§ EXERCISE PROMPT:
An exact copy, beginning at the line containing "Coffee Animals Word Search Book" and ending at the final line of the records that follow, is the answer; it has no pictures and no other text.

== == ==

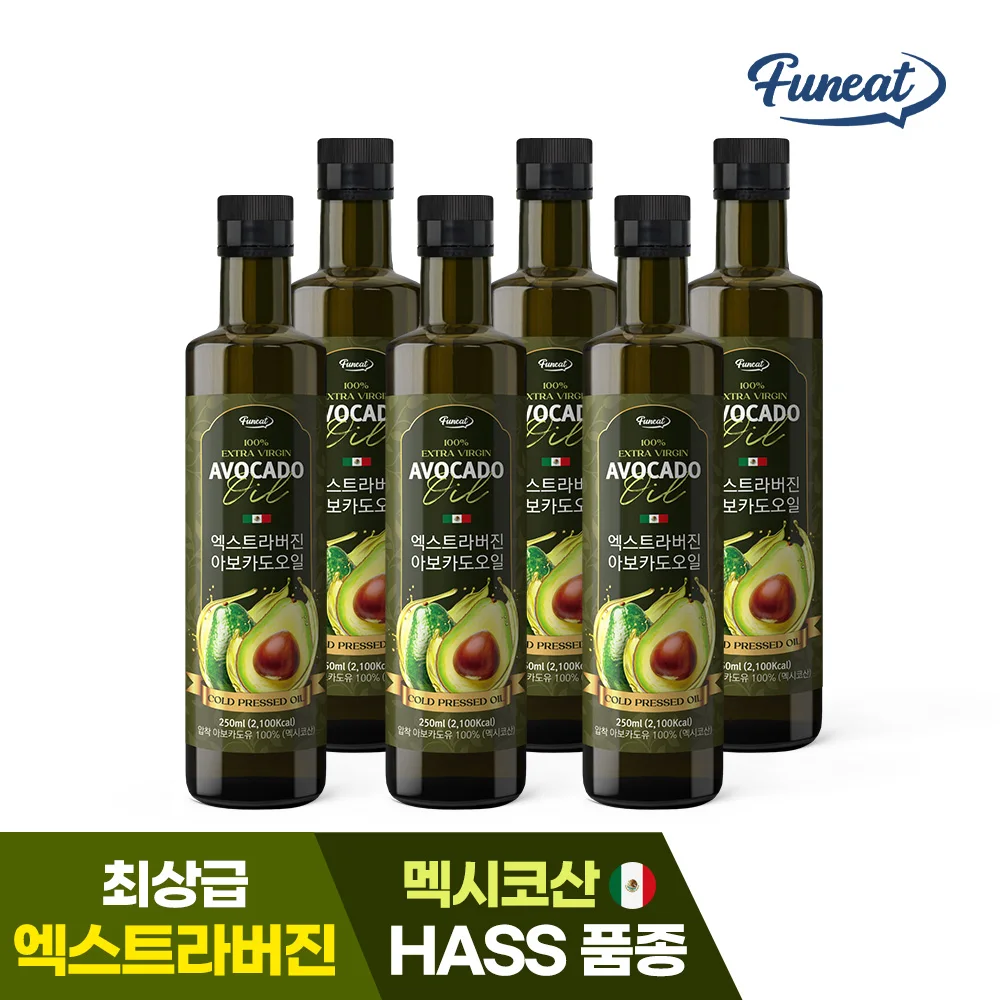 Funeat Extra Virgin Avocado Oil 250ml x 6 bottles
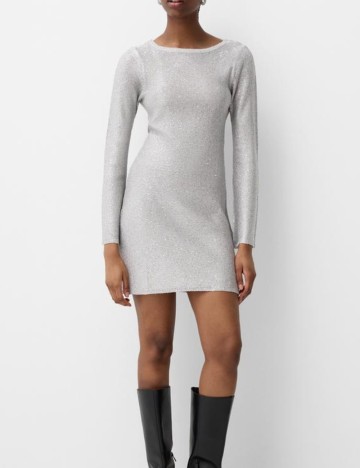 Rochie mini Bershka, gri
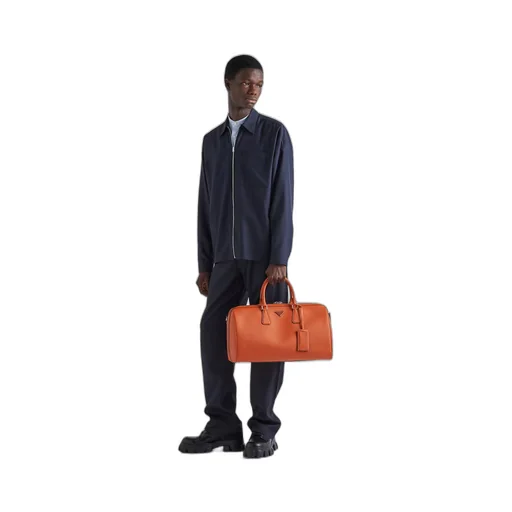 Saffiano leather travel bag
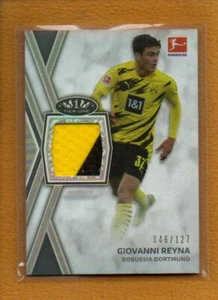 Giovanni Reyna 2020-21 Topps Tier One Bundesliga Tier One Relics Jersey /127 - Picture 1 of 2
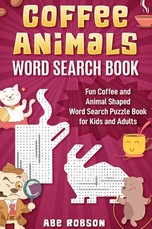 Coffee Animals Word Search Book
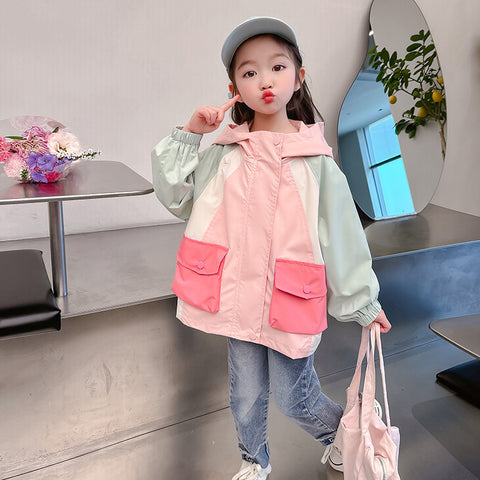 Spring Baby Casual Cardigan Hooded Spring Outfit Jacket Top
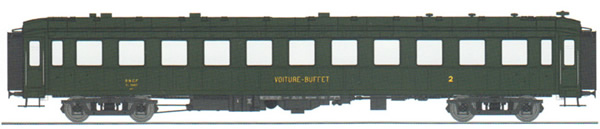 REE Modeles VB-373 - French SNCF BACALAN Coach Buffet B3r 54863 SNCF Era III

== == ==

§ ANSWER TO THIS EXERCISE:
 Coffee Animals Word Search Book
 Spring Baby Casual Cardigan Hooded Spring Outfit Jacket Top
 REE Modeles VB-373 - French SNCF BACALAN Coach Buffet B3r 54863 SNCF Era III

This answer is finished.